O NCE surge perante a urgente necessidade de justificar as alterações estratégicas da NATO que têm vindo a ocorrer após o fim da Guerra Fria e em particular desde a coroação dos E.U.A. como potência imperial hegemónica. O objectivo é ter um documento que apoie legalmente as actuais operações da NATO e que permita, justificando-as, novas intervenções militares em qualquer ponto do planeta. É a fundamentação ideológica para o controlo imperial. Os próprios relatores referem a “importância de convencer as populações da importância da NATO na estabilidade e paz global, caso contrário o apoio destas populações falha, assim como o suporte financeiro público”. Este programa-agenda assume três eixos fundamentais para a reformulação dos princípios fundadores da organização:
1)Intervir globalmente – o NCE pretende que os membros da NATO reconheçam as limitações do Tratado assinado em 1949, nomeadamente do Artigo 5, que refere que “um ataque armado contra um ou mais dos membros na Europa ou América do Norte deve ser considerado um ataque contra todos”, na medida em que os “perigos e ameaças” são agora mais abrangentes e que surgem dentro da zona do eixo Atlântico mas sobretudo fora dessa zona. A NATO tem de se preparar para intervir em qualquer ponto do globo. A intervenção no Afeganistão ou o patrulhamento de controlo anti-pirataria no Índico são a prática que exige esta fundamentação.
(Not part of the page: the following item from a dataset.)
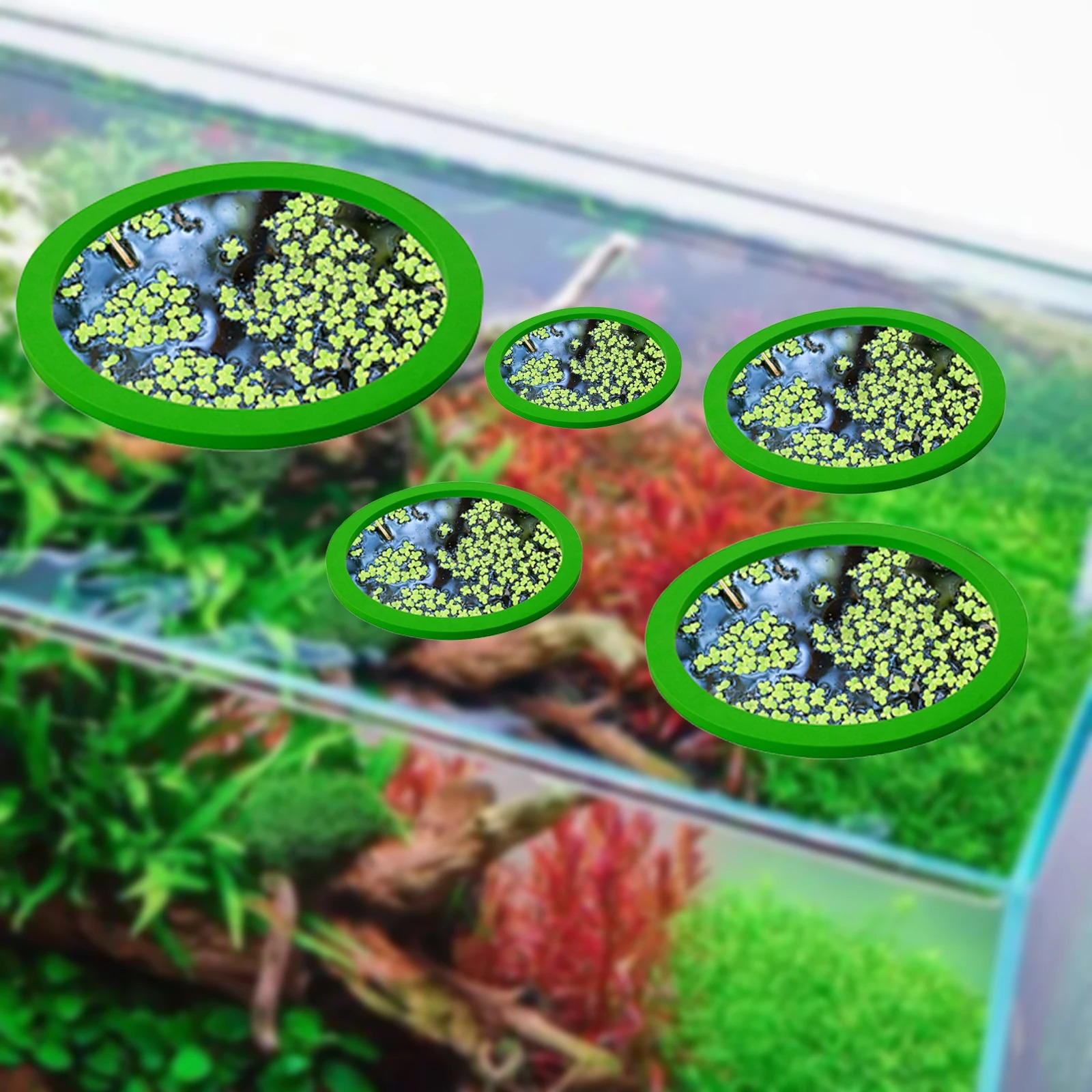 5Pcs EVA Fish Feeding Ring Aqu - Aquarium Fish Farm ulasan dan harga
2)Novas “ameaças” – a implosão da Cortina de Ferro e o desmembramento do bloco soviético impunham o fim da Aliança Atlântica, por isso o NCE redefine os novos “perigos” que ameaçam o globo: terrorismo, criminalidade organizada internacionalmente, ambiente e alterações climáticas, armas de destruição em massa, segurança alimentar e garantia de rotas comerciais, ciber-ataques, segurança energética, etc.. Todos estes temas encaixam na nova estratégia militar e voltam a assentar que nem uma luva na operação do Afeganistão já apresentada como luta contra o terrorismo.
3)Multi-parcerias - potenciar a criação de parcerias com outras organizações, como a União Europeia, Nações Unidas ou a OSCE, ou países tradicionalmente fora da Aliança Atlântica como a Rússia, Ucrânia ou a Geórgia. No caso da U.E. chega a referir a necessidade de “reconhecer que o Tratado de Lisboa foi concebido, entre outros propósitos, para reforçar as capacidades militares e de comando da Europa” e que a NATO deve usar esta parceria abrangente de forma rentável (cost-effective). Dito de outra forma, a União Europeia investirá no sector militar e esses recursos devem ser partilhados com a NATO. Cria também uma nova figura, os “parceiros operacionais”, que são os países que não sendo da Nato, participam nas suas operações, o que na prática já existe, veja-se a Austrália (um dos maiores contingentes de tropas no Afeganistão), Nova Zelândia, Coreia do Sul ou até a própria China em acções de patrulhamento anti-pirataria. O documento defende também que os processos de decisão, tradicionalmente por consenso entre todos os 28 membros, devem ser agilizados e que devem ser atribuídos novos poderes ao secretário-geral ou aos chefes militares dos países membros.
O relatório termina com várias proclamações de esperança nesta refundação da NATO, chegando a referir que “se a NATO não existisse hoje, o Afeganistão poderia estar novamente dominado pelos talibãs e por terroristas com capacidade de treino para ataques sistemáticos e destemidos”. Na mesma semana em que Madeleine Albright assinou este documento um carro armadilhado lançado contra uma patrulha da NATO em Cabul provoca 20 mortos e 50 feridos.